Im Hinblick auf eine etwaige Anrechnung von Einkünften auf Zahlungen nach BAföG hat der Gesetzgeber in § 23 BAföG Freibeträge vorgesehen. Hiernach sind für Auszubildende Einkommen in Höhe von derzeit 290,- € im Monat anrechnungsfrei und werden somit nicht auf Zahlungen nach dem BAföG angerechnet. Dies gilt damit auch für Unterhaltsvorschussleistungen, welche bis zur Höhe von 290,- € im Monat nicht auf Zahlungen nach dem BAföG angerechnet werden dürfen.
Das BVerwG weist darauf hin, dass der Gesetzeswortlaut insofern eindeutig ist.
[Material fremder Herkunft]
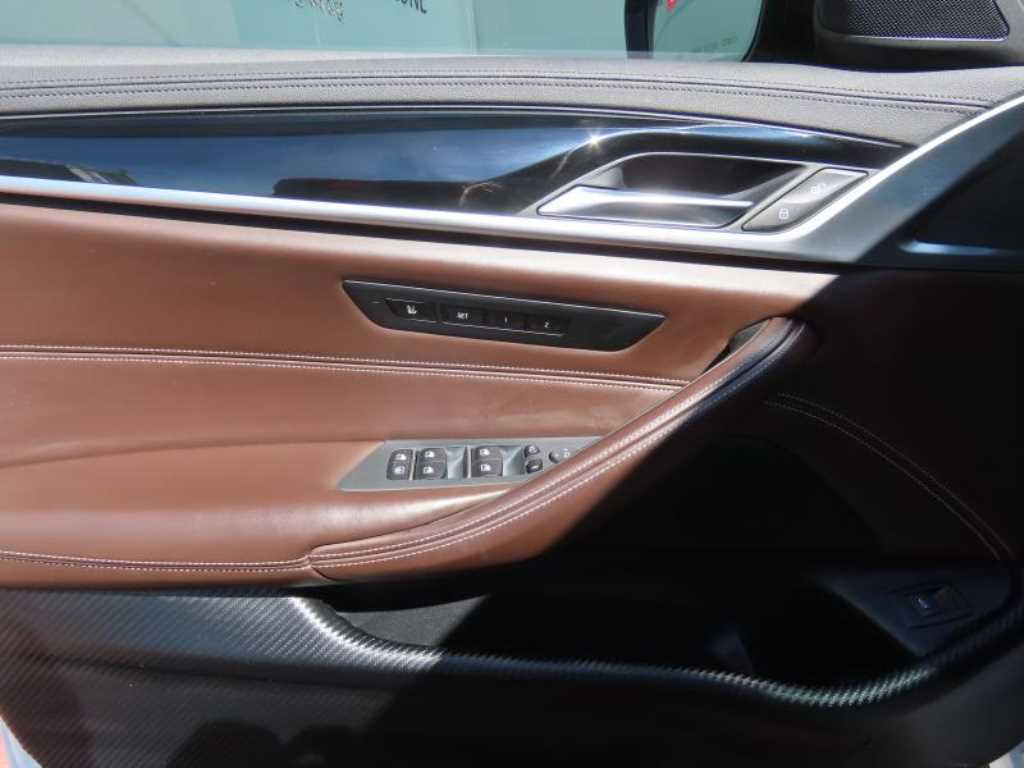 BMW 5-Series — photo 14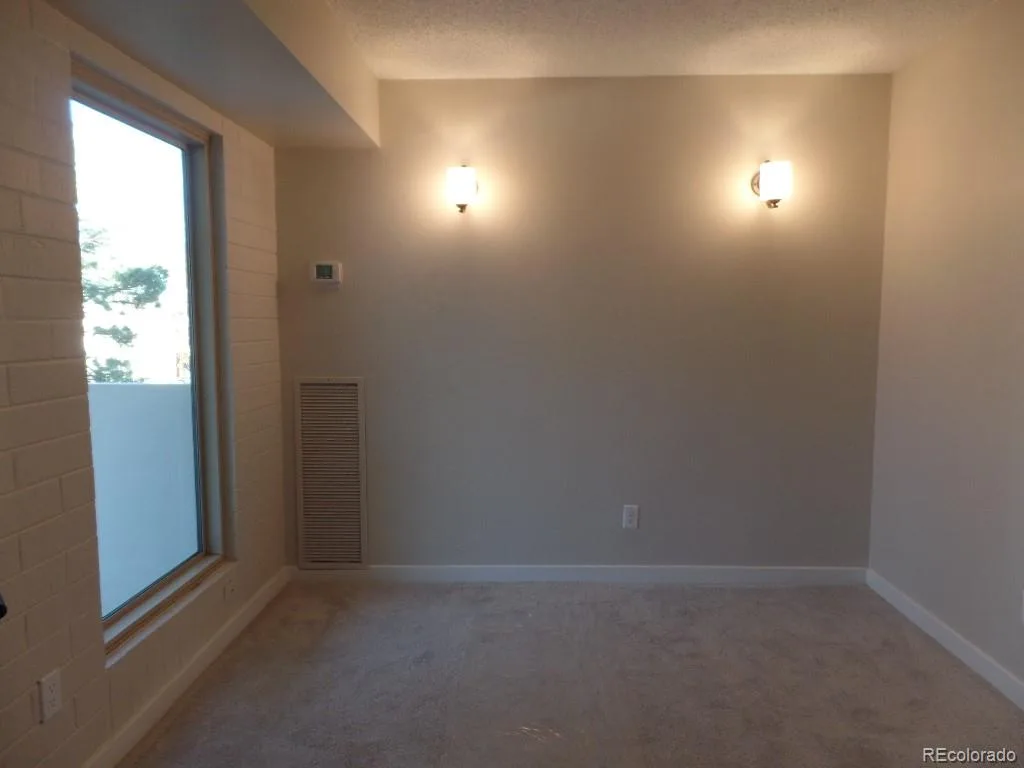 2880 S Locust Street #303S Denver CO 80222 MLS #REC7636069 06012026230310 1024 21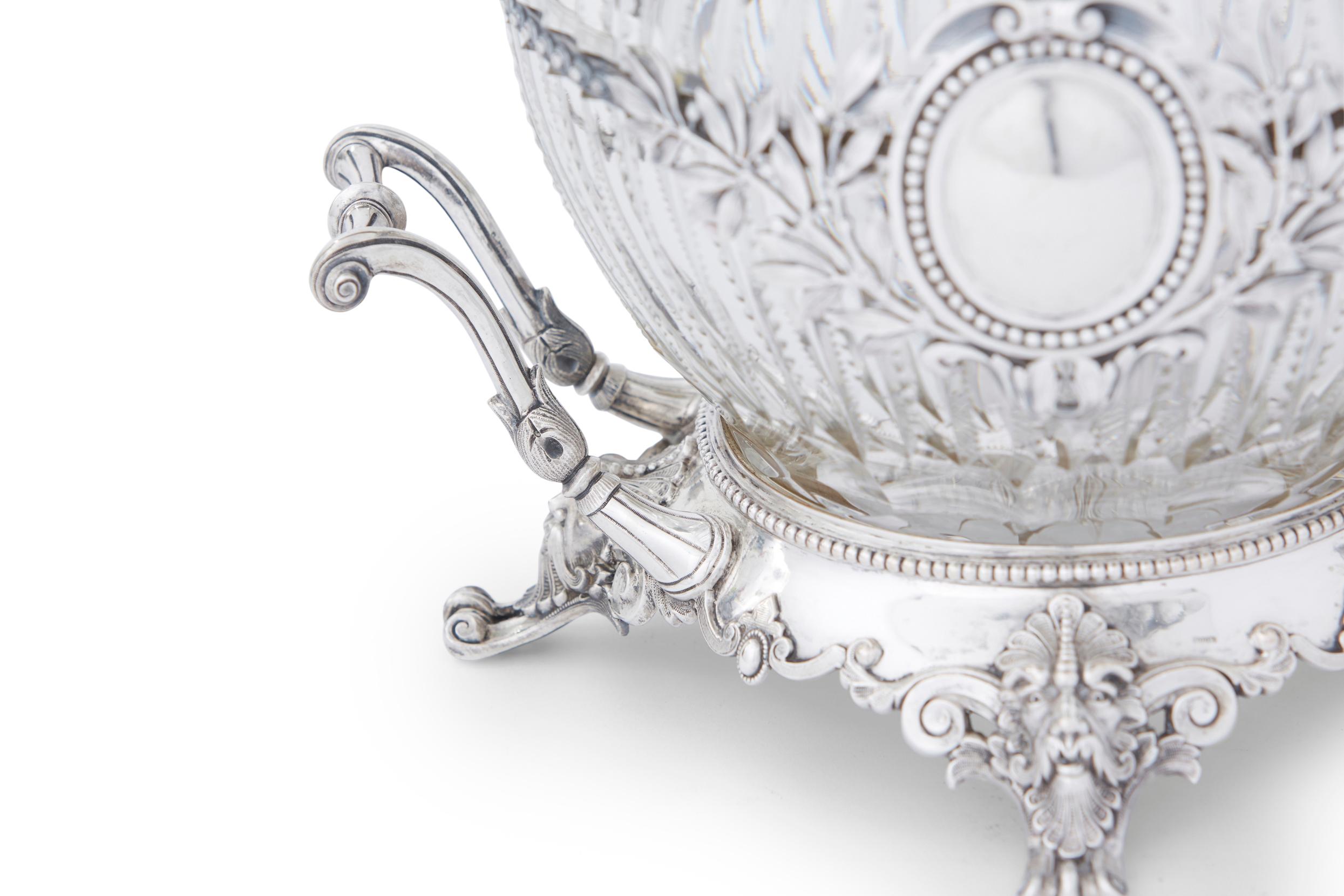 19th Century Sterling Silver / Cut Crystal Barware Server For Sale 1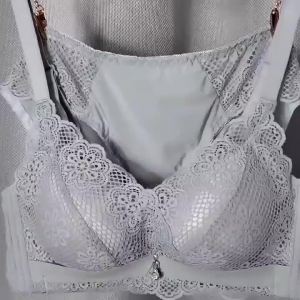 Small bust push-up summer bra for women thick style side breast support anti-sagging bra new popular model wireless bra wholesale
Eine richterliche Rechtsfortbildung mit einem anderen Ergebnis ist nicht möglich, dies stellt das BVerwG klar.
Geklagt hatte ein Auszubildender, der bei seiner allein erziehenden Mutter lebte. Er machte eine Ausbildung und bezog Leistungen nach dem BAföG. Von seinem Vater erhielt der Kläger keinen Unterhalt, weil dieser zur Zahlung von Unterhalt nicht in der Lage war. Aus diesem Grund bezog der Kläger neben dem BAföG auch Unterhaltsvorschuss nach dem UVG bis er sein 18. Lebensjahr vollendete.
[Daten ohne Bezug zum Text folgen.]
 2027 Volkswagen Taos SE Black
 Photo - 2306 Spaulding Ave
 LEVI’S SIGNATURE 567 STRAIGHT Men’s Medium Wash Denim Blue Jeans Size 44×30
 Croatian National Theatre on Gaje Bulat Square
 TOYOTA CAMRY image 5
Die Stadt Gera erhielt von den Unterhaltsvorschussleistungen Kenntnis und war der Auffassung, dass es sich hierbei um Ausbildungsbeihilfen handeln würde, die auf das BAföG anzurechnen seien. Die Stadt setzte die BAföG-Leistungen an den Kläger herab und forderte die aus ihrer Sicht zuviel gezahlten Beträge zurück.
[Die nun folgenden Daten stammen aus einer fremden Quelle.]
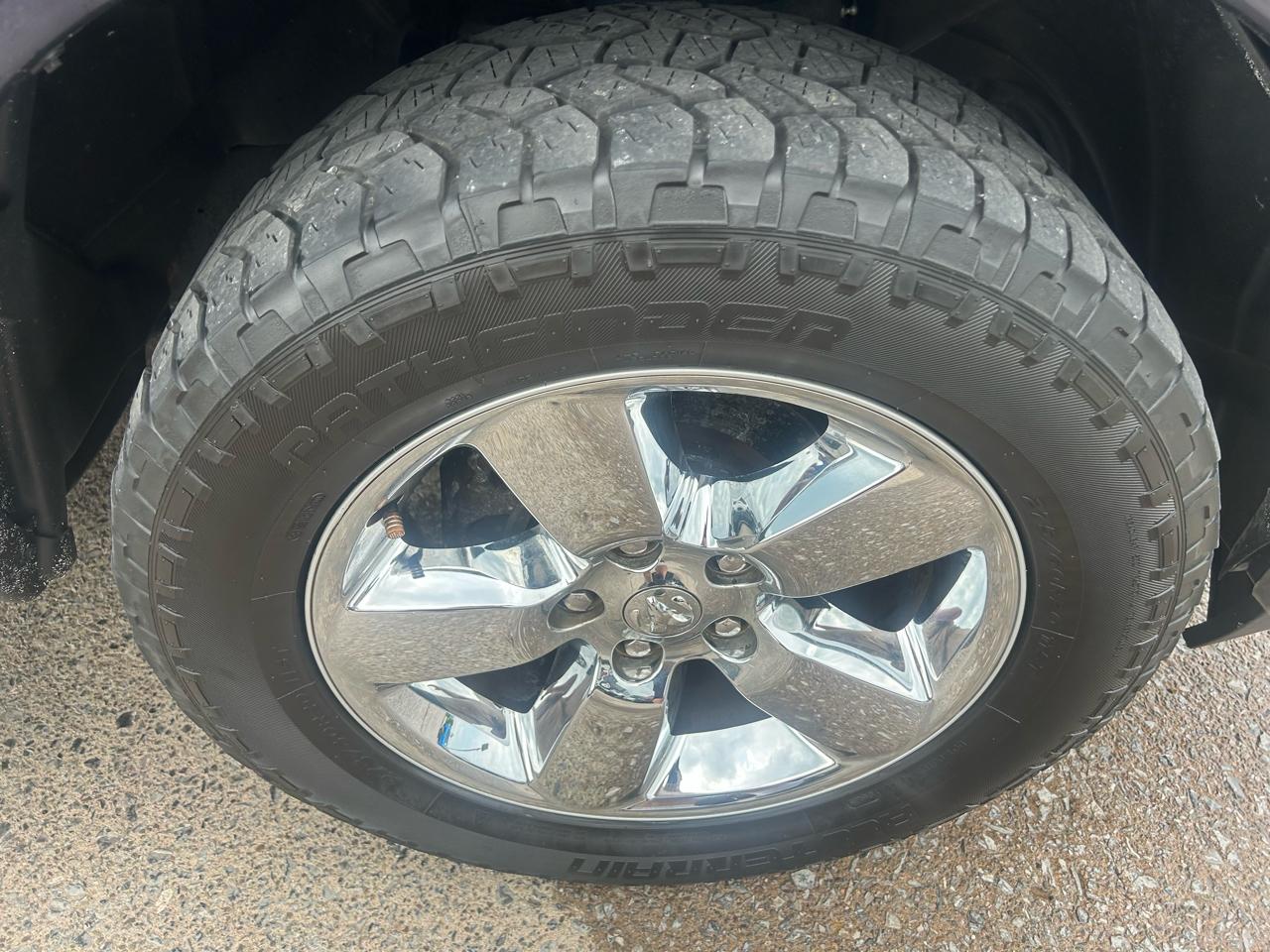 RAM 1500 Big Horn 4x4 Crew Cab 5'7" Box 2017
Der Kläger erhob hiergegen Klage vor dem zuständigen Verwaltungsgericht, mit Erfolg. Über die Sprungrevision der Stadt Gera entschied nun das BVerwG und gab dem Kläger, wie schon zuvor das Verwaltungsgericht, Recht.
Eine Anrechnung durfte nicht erfolgen, da es sich bei dem Unterhaltsvorschuss gerade nicht um eine Ausbildungsbeihilfe handelt, da dieser unabhängig von einer etwaigen Ausbildung gezahlt wird. Es handelt sich vielmehr um sonstige Einnahmen, die als Einkommen bis zum allgemeinen Einkommensfreibetrag nach § 23 BAföG anrechnungsfrei bleiben.
Da der gewährte Unterhaltsvorschuss unterhalb dieses Freibetrages lag, durfte er nicht auf die BAföG-Zahlungen angerechnet werden.
Nach dem UVG haben Kinder einen Anspruch auf Unterhaltsvorschuss, wenn sie bei nur einem Elternteil leben und von dem anderen Elternteil keinen oder keinen regelmäßigen Unterhalt erhalten. Den Anspruch auf Unterhaltsvorschuss hatten zunächst nur Kinder bis zum vollendeten 12. Lebensjahr. Der Gesetzgeber setzte mit Wirkung zum 1.7.2017 das Bezugsalter auf 18 Jahre herauf.
Die Höhe des Unterhaltsvorschusses richtet sich nach dem Alter des Kindes und ist gestaffelt. Sofern und sobald der andere Elternteil leistungsfähig ist, wird der gezahlte Unterhaltsvorschuss vom Staat eingefordert.